Imagine being diagnosed with a mysterious and painful disease that has no known cause or cure. There’s a drug available that can extend your life and help alleviate the symptoms, but you can’t afford it and the government won’t fund it.
This is the case for thousands of Canadians who suffer from a little-known disease called Idiopathic Pulmonary Fibrosis (IPF), a rare and progressively fatal lung disease that scars the lungs so severely that patients are no longer able to breathe.
An estimated 30,000 Canadians have some form of pulmonary fibrosis and about 5,000 die from it each year. Most are given a life expectancy of only 2–5 years after diagnosis.
The Canadian Pulmonary Fibrosis Foundation (CPFF) is using the occasion of Rare Disease Day on Feb. 28 to call on provincial governments to fund Esbriet, a drug that represents patients’ only chance of survival.
“You can’t imagine a worse disease than IPF because everything starts with your breathing,” said CPFF president Robert Davidson in a video campaign to raise awareness about the illness.
“[Governments] can’t understand, otherwise they’d do something about it, they would make access to these treatments easier. You can’t send people home to die when there’s a treatment there that can help them—it’s wrong.”
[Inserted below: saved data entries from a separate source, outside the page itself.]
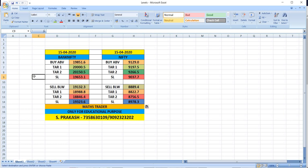Bank Nifty sell below 19,132, targets 18,998 and then 18,846. Nifty buy above 9,129, targets 9,197 and then 9,260. Nifty sell below 8,894, targets 8,822 and then 8,756.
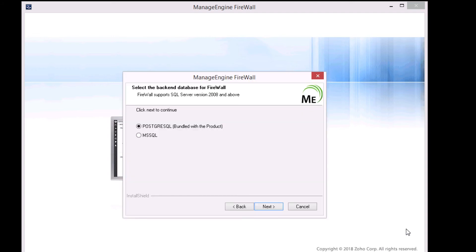Firewall Analyzer supports both Postgres SQL and Microsoft SQL databases. Let's select Postgres SQL for this demo.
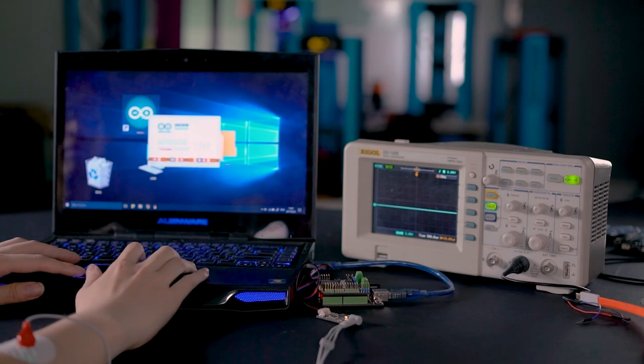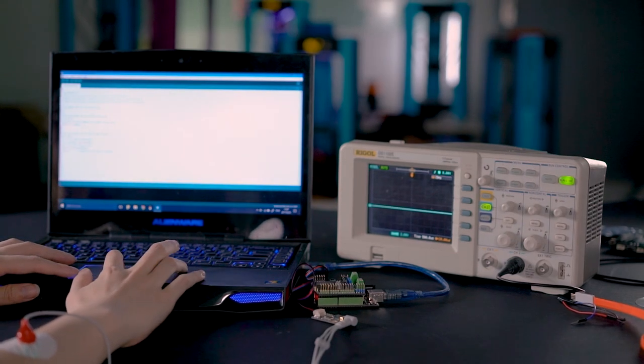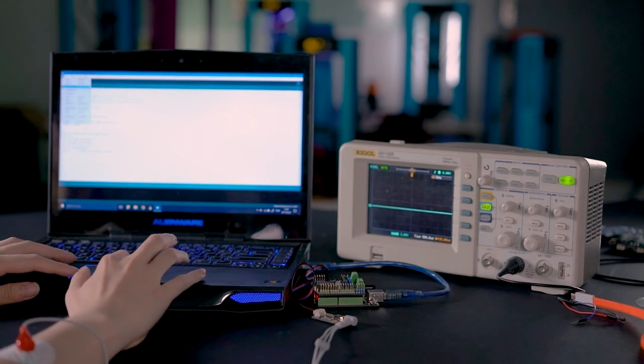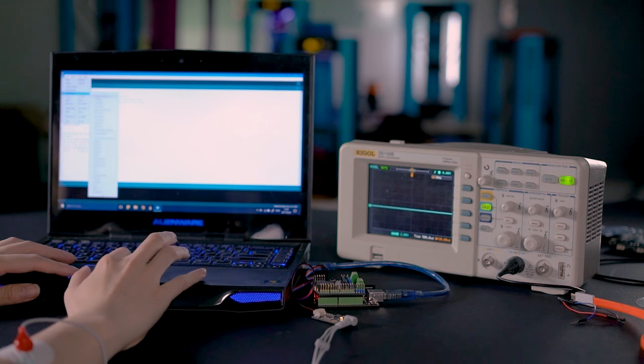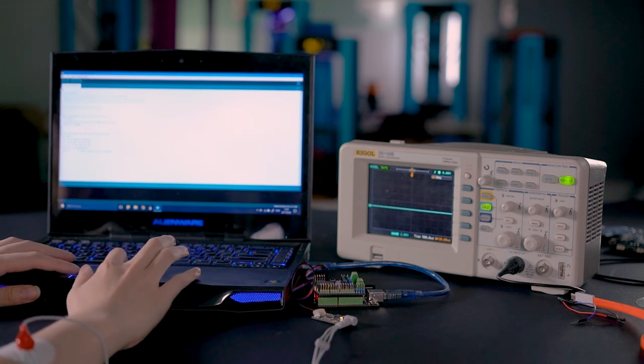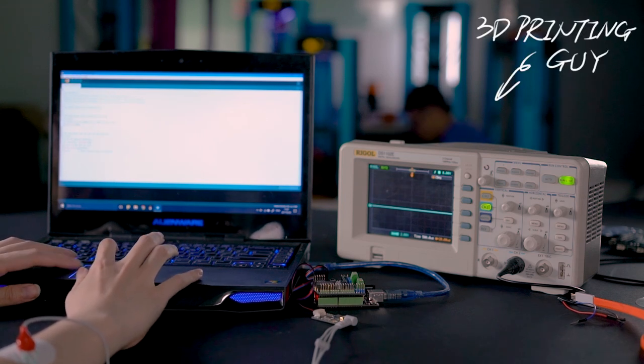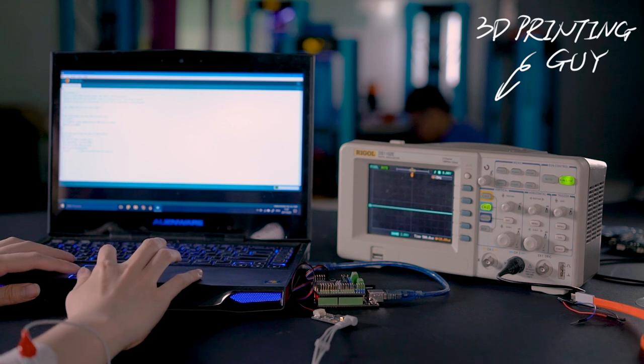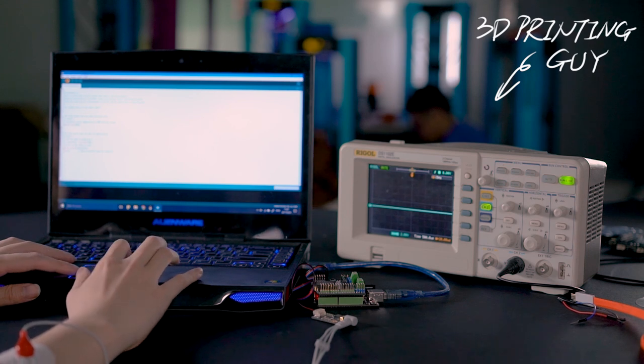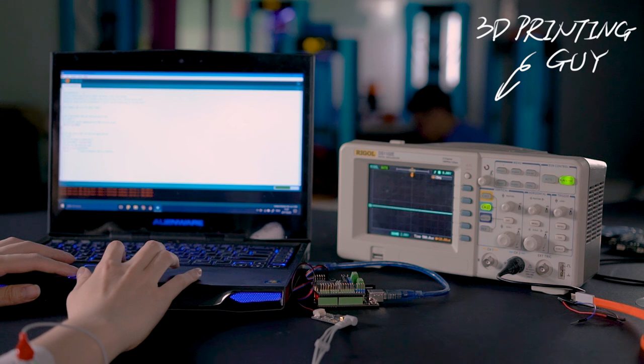In Arduino IDE, go to example, analog, open analog in-out signal and upload the code to your Arduino board. Once successfully uploaded, open the serial plotter. You will be able to see your heartbeat in the monitor just like this.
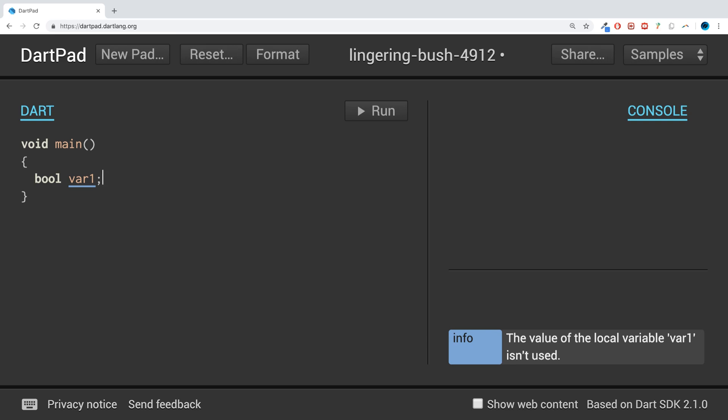For example, if I do var1 equals and I say 67 greater than 89, we're basically doing some sort of little check here. So we're saying is 67 greater than 89? If so, assign the value true to var1. If it's false, assign the value false to var1. If I print out var1 now, we get false because 67 is not bigger than 89.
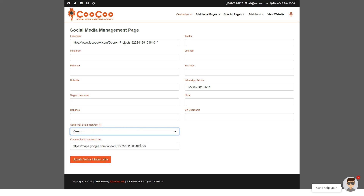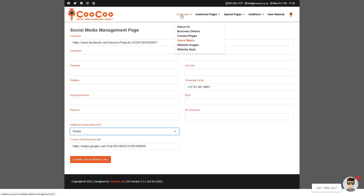After adding or editing your social media links, simply click the update social media links button and your links on the site will be replaced. In the next lesson, we get a bit more advanced by styling most of the aspects of your website.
Esbriet, (aka pirfenidone), the first and only treatment for IPF, is an anti-inflammatory drug that has been shown to decrease tissue scarring and improve lung function in IPF patients—helping alleviate symptoms such as severe shortness of breath, spasmodic coughing, and frequent lung infections.
The drug is expensive, however, costing about $3800 per month, or up to $50,000 per year. Lung transplants are the only other effective treatment for IPF but the procedure is risky and not suitable for all patients.
Esbriet was approved by Health Canada in 2012 but last year the Canadian Drug Expert Committee recommended that it not be listed for coverage under provincial or territorial drug plans, saying it held “uncertain clinical benefit” and failed to provide significant improvement to patient conditions or life expectancy.
But at least 13 European countries have decided to publicly fund Esbriet, and all 28 EU member states have been granted marketing authorization, based on the same information provided to Canadian reviewers.
The European Medicines Agency concluded that the drug has a “modest” effect in slowing the disease, and approved it in part because no alternative treatments are available. It is also approved in Japan, Korea, India, Argentina, and China under different trade names.
Dr. Shane Shapera, a respirologist at Toronto General Hospital, said the high cost of Espriet leaves most Canadians who suffer from IPF in a life-or-death situation.
“As it stands right now, I have two tiers of patients: those who have private insurance and can access treatment, and those without private insurance who cannot access treatment,” he said.
“In actuality, IPF patients are running out of time, and sadly, many of them will likely die before they get a chance to start on therapy for their disease.”
Larkell Bradley lost her brother to the disease and was diagnosed with IPF herself four years ago. She can’t afford the medication and worries that her time is running out. Her biggest concern is leaving behind her 6-year-old grandson who she helps raise along with her daughter, a single mother.
“The day I was diagnosed, I thought, ‘this is my death sentence,’” said Bradley in the IPF video.
“I shouldn’t have to die, nor should anyone else, because we don’t have money.”